▶ _Assignment_
Please repeat the data below exactly, with the pictures removed.

===== Data extract

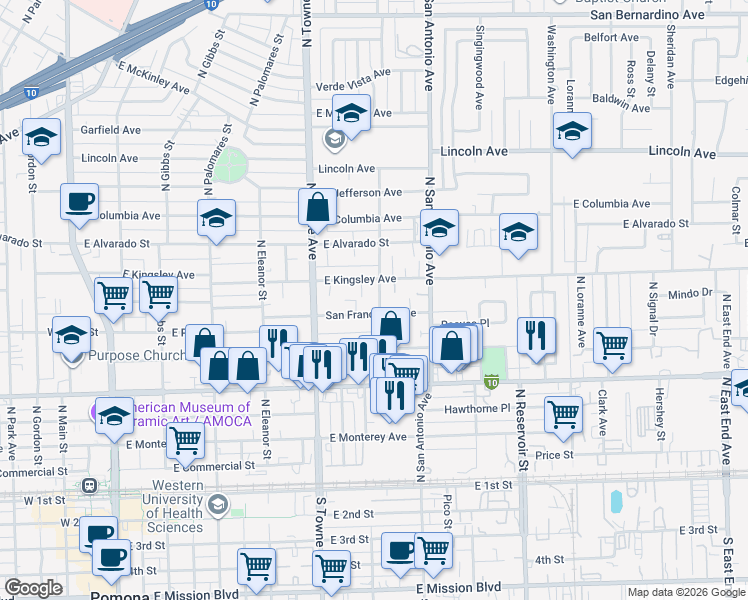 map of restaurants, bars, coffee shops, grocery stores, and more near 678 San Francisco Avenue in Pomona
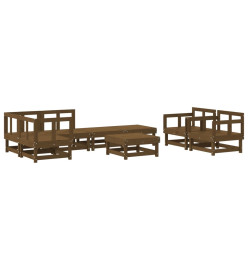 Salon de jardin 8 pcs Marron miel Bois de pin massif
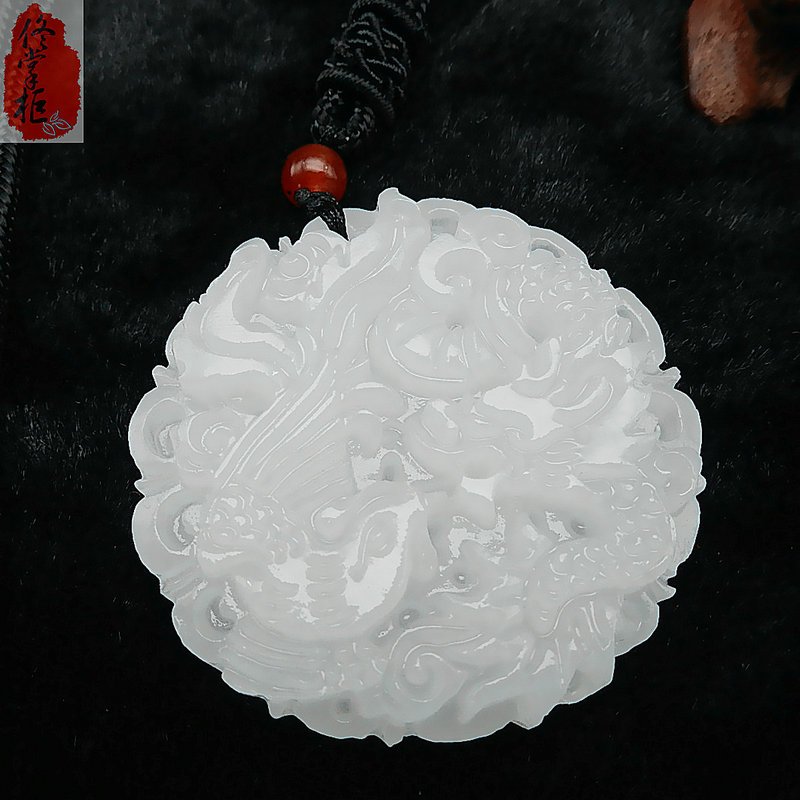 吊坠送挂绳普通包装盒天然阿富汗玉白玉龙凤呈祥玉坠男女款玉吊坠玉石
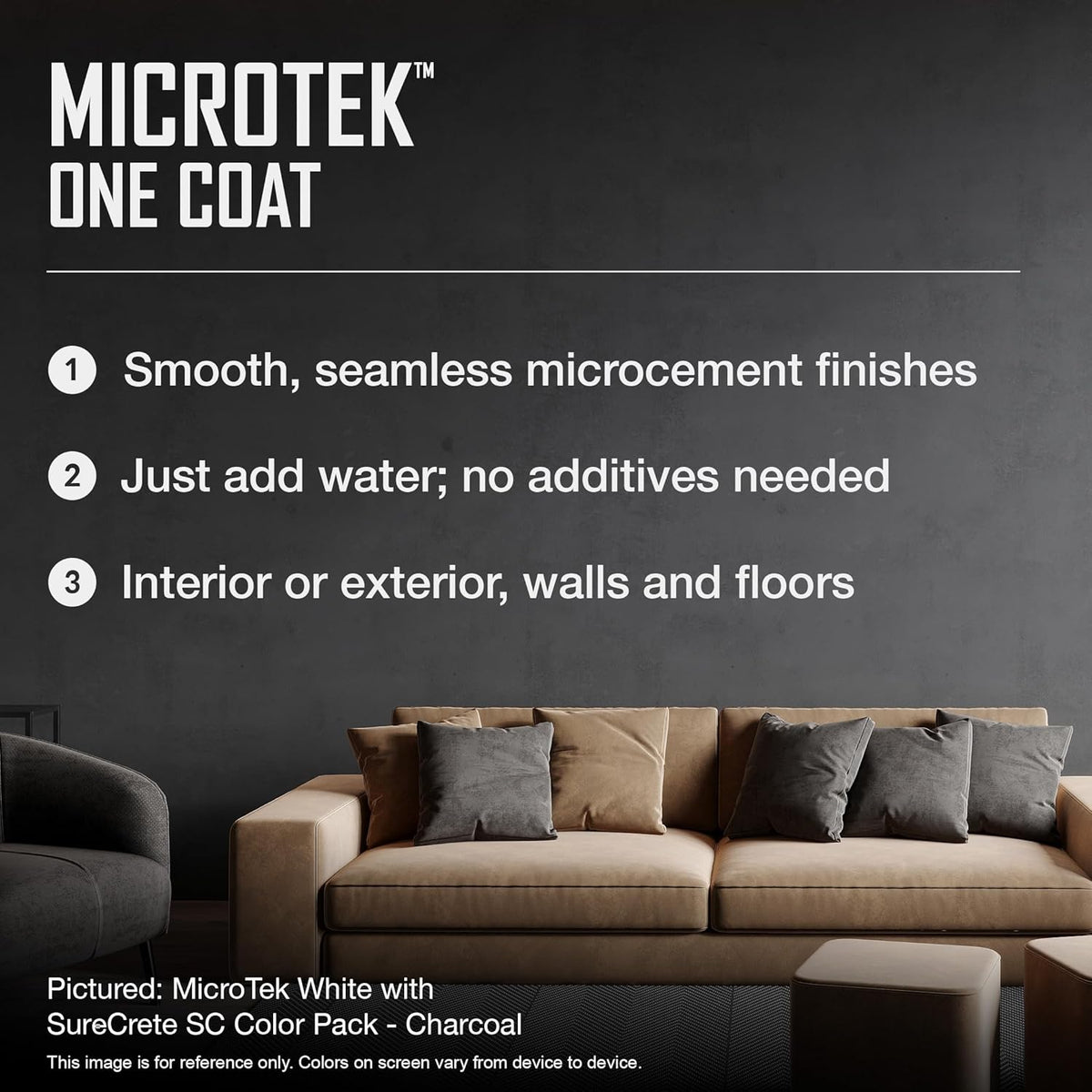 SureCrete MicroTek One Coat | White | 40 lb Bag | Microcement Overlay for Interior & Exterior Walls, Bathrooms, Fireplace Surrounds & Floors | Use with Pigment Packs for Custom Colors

==========

▶ _Answer to this task_
 map of restaurants, bars, coffee shops, grocery stores, and more near 678 San Francisco Avenue in Pomona
 Salon de jardin 8 pcs Marron miel Bois de pin massif
 吊坠送挂绳普通包装盒天然阿富汗玉白玉龙凤呈祥玉坠男女款玉吊坠玉石
 SureCrete MicroTek One Coat | White | 40 lb Bag | Microcement Overlay for Interior & Exterior Walls, Bathrooms, Fireplace Surrounds & Floors | Use with Pigment Packs for Custom Colors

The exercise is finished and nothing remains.